Recorded data:
..........

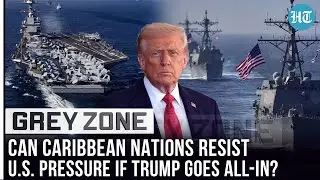 Could Trump&rsquo;s Venezuela Gambit Trigger The Biggest Military Crisis Caribbean Has Seen In Decades?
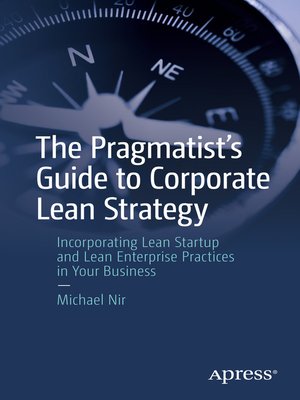 cover image of The Pragmatist's Guide to Corporate Lean Strategy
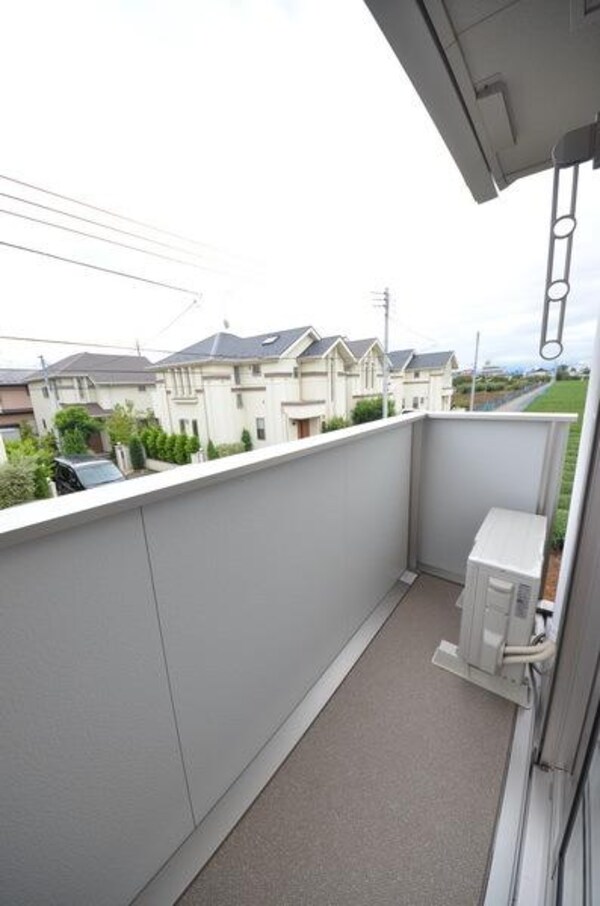 バルコニー(室内・室内設備)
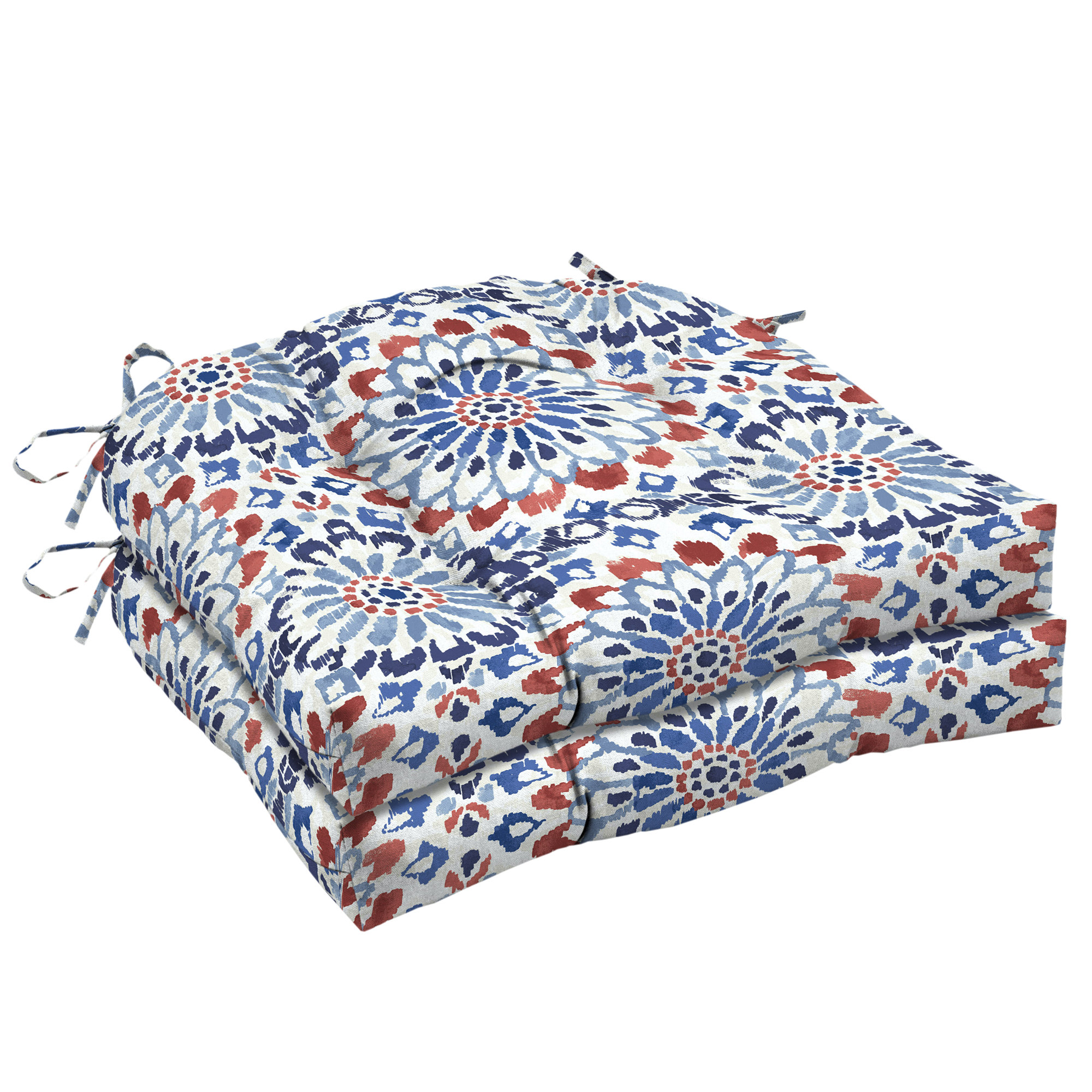 Canora Grey Dorrington Outdoor Dining Chair Cushion Reviews Wayfair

..........

Directions for this task:
Please set down the whole listing exactly, apart from the pictures.

Expected output:
 Could Trump&rsquo;s Venezuela Gambit Trigger The Biggest Military Crisis Caribbean Has Seen In Decades?
 cover image of The Pragmatist's Guide to Corporate Lean Strategy
 バルコニー(室内・室内設備)
 Canora Grey Dorrington Outdoor Dining Chair Cushion Reviews Wayfair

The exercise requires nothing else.